**About this task**:
In the records below, find the line with "Квартира Квартира Уютная" and the line with "Lạc trôi trên"; return exactly those lines and every line between them.

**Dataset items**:
· · ·
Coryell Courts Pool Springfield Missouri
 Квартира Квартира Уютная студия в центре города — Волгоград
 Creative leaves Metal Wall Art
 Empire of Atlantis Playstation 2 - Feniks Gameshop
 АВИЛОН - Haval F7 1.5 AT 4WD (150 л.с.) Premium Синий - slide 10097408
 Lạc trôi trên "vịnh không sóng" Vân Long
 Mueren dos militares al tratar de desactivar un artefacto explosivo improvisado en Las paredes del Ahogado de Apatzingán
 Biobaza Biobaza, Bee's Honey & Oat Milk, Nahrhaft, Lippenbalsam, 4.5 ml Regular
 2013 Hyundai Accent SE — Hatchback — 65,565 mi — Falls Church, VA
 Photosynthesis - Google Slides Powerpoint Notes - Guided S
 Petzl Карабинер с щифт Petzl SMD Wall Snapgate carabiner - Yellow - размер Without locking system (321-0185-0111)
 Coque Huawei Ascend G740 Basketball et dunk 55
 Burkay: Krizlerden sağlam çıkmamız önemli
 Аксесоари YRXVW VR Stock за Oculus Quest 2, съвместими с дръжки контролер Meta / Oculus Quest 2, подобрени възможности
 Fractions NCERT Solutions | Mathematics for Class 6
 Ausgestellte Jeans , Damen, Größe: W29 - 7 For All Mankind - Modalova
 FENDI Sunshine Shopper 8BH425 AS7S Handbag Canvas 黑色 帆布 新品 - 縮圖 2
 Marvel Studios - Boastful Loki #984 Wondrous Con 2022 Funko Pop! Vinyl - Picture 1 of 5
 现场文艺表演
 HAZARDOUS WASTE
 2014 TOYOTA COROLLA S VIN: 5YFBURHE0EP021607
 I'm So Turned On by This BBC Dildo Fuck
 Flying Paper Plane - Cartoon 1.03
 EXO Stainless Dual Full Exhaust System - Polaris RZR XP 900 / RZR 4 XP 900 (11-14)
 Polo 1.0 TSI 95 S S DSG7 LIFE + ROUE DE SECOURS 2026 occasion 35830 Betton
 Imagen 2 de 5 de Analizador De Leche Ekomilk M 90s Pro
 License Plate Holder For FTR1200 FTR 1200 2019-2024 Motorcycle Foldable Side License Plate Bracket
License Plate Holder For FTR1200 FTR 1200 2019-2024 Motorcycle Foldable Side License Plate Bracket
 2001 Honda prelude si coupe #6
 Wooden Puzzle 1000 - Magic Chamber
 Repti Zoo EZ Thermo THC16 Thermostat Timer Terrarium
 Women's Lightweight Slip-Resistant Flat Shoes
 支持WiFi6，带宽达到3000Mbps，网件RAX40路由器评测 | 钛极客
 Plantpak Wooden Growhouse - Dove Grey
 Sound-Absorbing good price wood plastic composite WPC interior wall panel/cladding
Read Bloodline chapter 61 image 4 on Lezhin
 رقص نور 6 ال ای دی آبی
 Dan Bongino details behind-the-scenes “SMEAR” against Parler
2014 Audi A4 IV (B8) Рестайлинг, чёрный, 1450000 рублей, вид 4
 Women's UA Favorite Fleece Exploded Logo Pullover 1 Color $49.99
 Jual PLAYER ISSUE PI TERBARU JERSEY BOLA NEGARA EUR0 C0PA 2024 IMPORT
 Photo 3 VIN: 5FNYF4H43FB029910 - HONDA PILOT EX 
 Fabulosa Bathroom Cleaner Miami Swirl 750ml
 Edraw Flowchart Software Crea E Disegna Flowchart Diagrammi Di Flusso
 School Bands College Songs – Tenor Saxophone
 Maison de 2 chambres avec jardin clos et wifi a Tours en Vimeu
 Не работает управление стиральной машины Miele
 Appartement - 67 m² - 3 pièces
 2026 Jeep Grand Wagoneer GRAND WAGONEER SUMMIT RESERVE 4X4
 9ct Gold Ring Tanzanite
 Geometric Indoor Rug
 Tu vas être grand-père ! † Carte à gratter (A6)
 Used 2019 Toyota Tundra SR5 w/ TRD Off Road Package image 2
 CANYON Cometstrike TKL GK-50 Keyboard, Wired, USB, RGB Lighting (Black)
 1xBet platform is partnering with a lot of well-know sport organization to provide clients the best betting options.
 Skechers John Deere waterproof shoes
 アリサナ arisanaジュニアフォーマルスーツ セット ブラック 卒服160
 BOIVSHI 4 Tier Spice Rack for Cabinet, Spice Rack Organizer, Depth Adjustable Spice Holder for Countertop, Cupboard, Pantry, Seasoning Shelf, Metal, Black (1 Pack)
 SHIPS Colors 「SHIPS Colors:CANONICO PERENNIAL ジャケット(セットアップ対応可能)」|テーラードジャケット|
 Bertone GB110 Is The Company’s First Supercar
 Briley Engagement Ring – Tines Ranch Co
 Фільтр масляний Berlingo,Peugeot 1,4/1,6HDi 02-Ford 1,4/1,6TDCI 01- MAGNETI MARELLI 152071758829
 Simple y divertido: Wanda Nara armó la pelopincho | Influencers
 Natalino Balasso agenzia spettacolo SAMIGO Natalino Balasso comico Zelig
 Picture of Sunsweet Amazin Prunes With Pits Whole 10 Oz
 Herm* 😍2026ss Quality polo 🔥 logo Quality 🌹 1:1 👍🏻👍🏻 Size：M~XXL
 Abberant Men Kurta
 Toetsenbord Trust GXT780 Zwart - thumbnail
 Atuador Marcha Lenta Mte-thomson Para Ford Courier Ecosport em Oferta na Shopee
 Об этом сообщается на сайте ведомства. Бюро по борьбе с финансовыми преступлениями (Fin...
· · ·
**Answer area**:
 Квартира Квартира Уютная студия в центре города — Волгоград
 Creative leaves Metal Wall Art
 Empire of Atlantis Playstation 2 - Feniks Gameshop
 АВИЛОН - Haval F7 1.5 AT 4WD (150 л.с.) Premium Синий - slide 10097408
 Lạc trôi trên "vịnh không sóng" Vân Long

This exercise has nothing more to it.